**Required work:**
The records that follow are to be copied word for word. Pictures should be omitted.

**Records excerpted from a collection:**
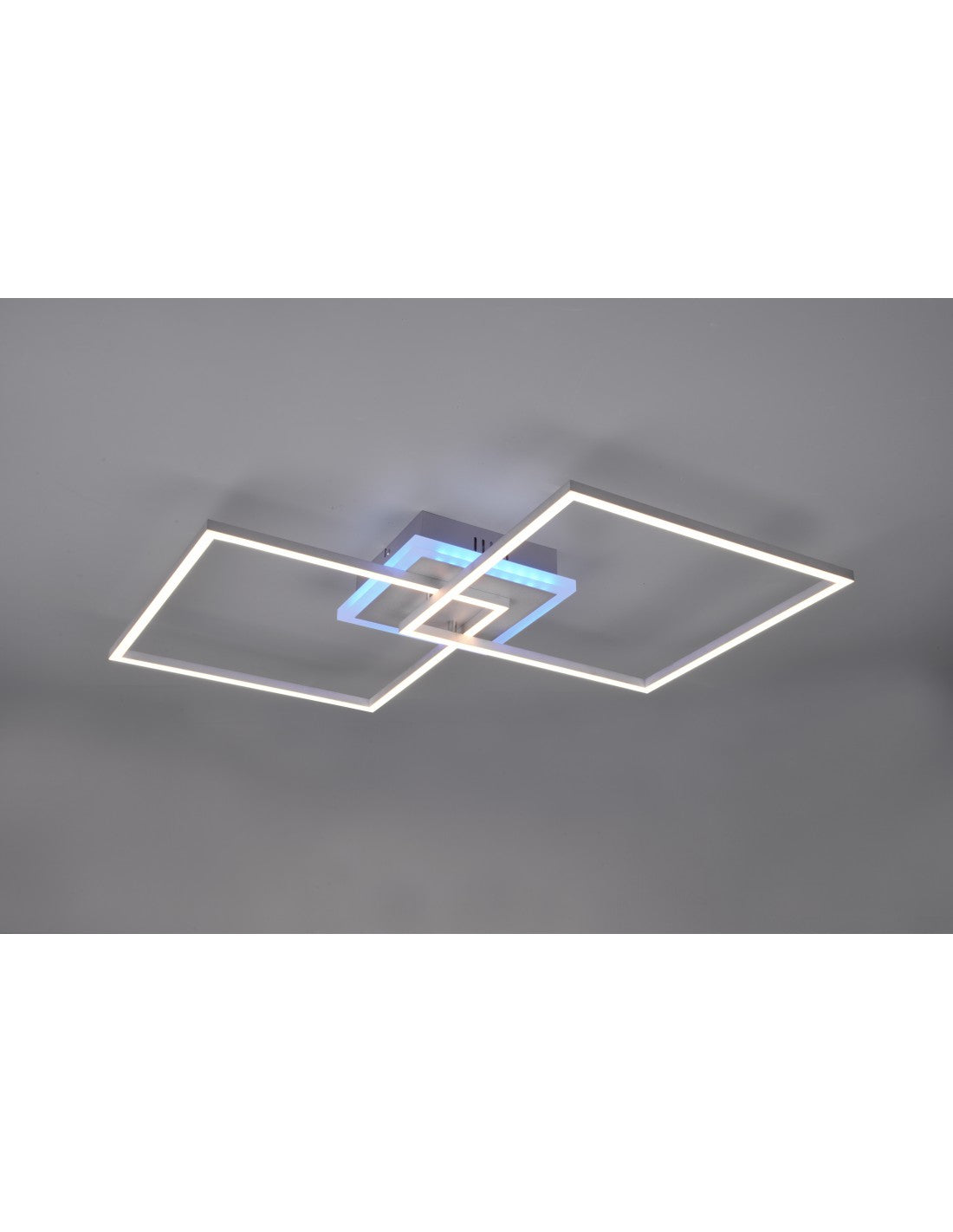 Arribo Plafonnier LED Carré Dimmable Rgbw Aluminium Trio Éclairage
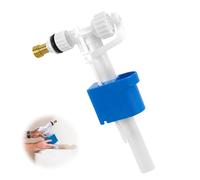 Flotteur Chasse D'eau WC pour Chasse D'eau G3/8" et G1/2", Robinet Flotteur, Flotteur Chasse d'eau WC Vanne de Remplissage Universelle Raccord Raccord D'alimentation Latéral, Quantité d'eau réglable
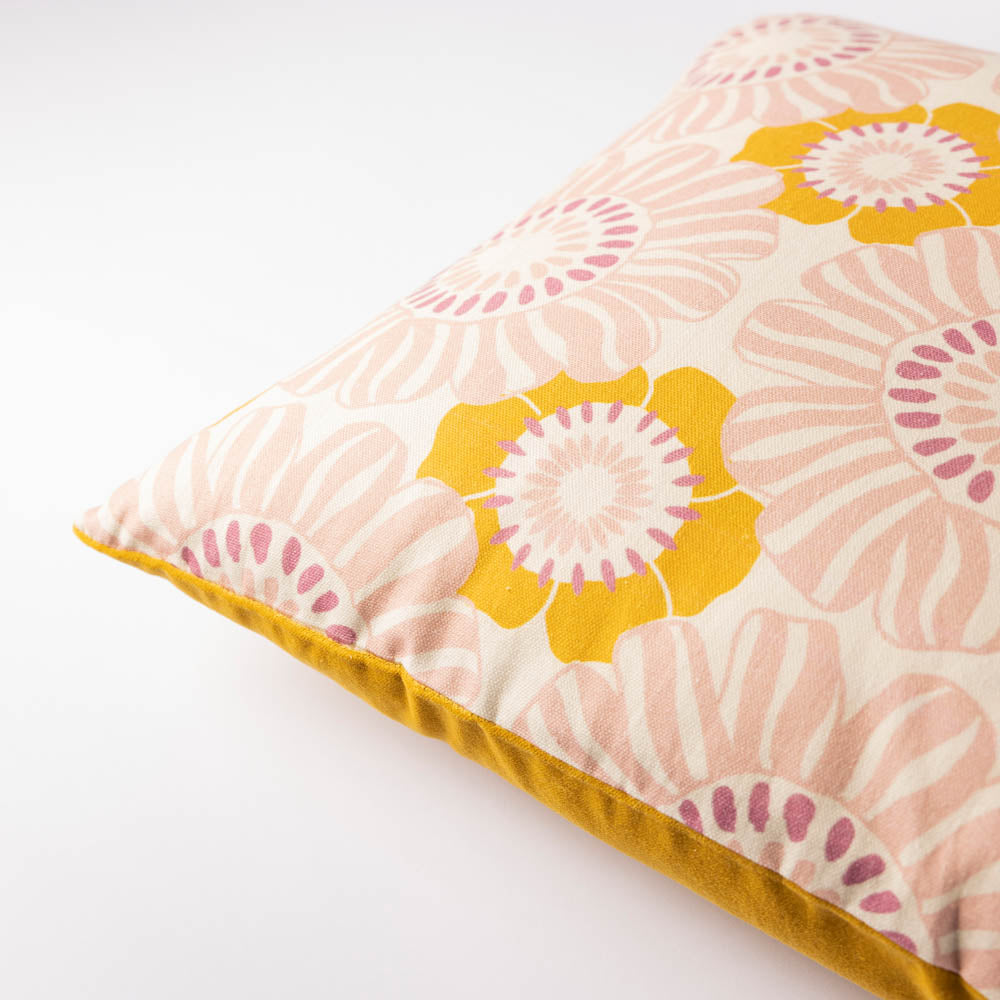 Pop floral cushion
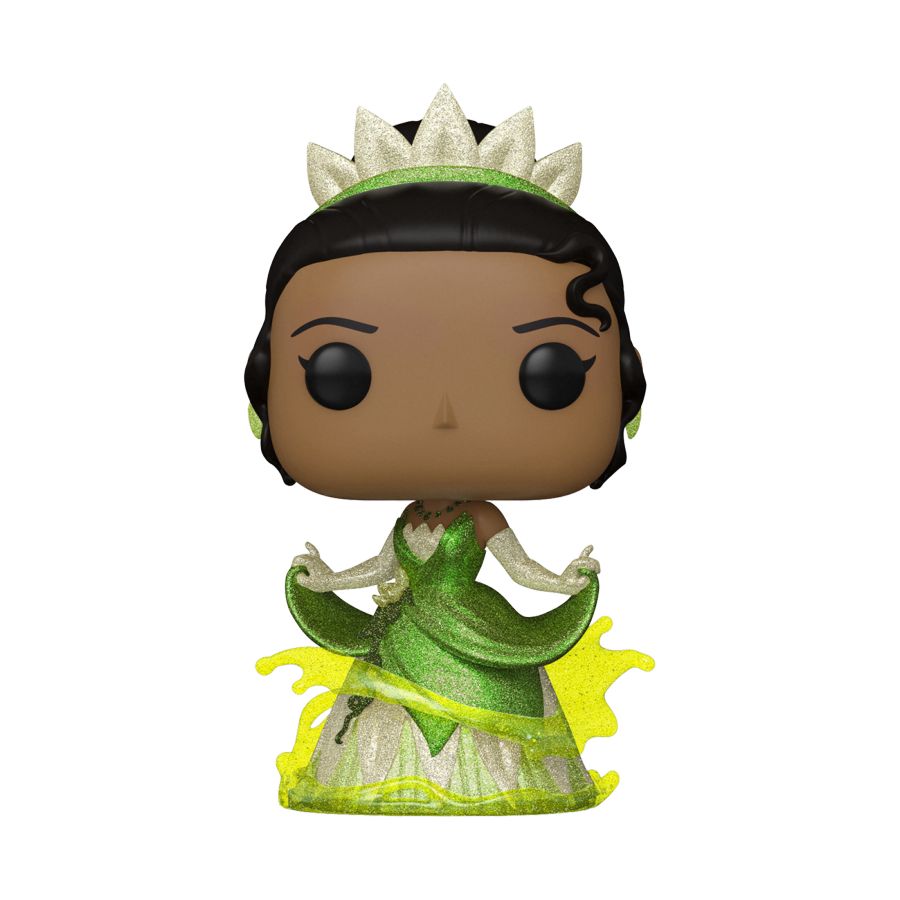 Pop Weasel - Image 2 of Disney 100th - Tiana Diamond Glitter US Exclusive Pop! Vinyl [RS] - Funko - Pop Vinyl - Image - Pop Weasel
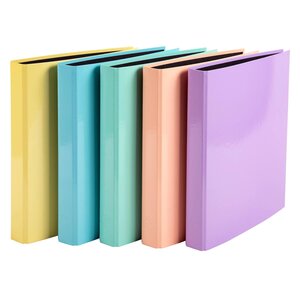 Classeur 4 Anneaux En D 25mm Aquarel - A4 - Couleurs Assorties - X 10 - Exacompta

**Written response:**
 Arribo Plafonnier LED Carré Dimmable Rgbw Aluminium Trio Éclairage
 Flotteur Chasse D'eau WC pour Chasse D'eau G3/8" et G1/2", Robinet Flotteur, Flotteur Chasse d'eau WC Vanne de Remplissage Universelle Raccord Raccord D'alimentation Latéral, Quantité d'eau réglable
 Pop floral cushion
 Pop Weasel - Image 2 of Disney 100th - Tiana Diamond Glitter US Exclusive Pop! Vinyl [RS] - Funko - Pop Vinyl - Image - Pop Weasel
 Classeur 4 Anneaux En D 25mm Aquarel - A4 - Couleurs Assorties - X 10 - Exacompta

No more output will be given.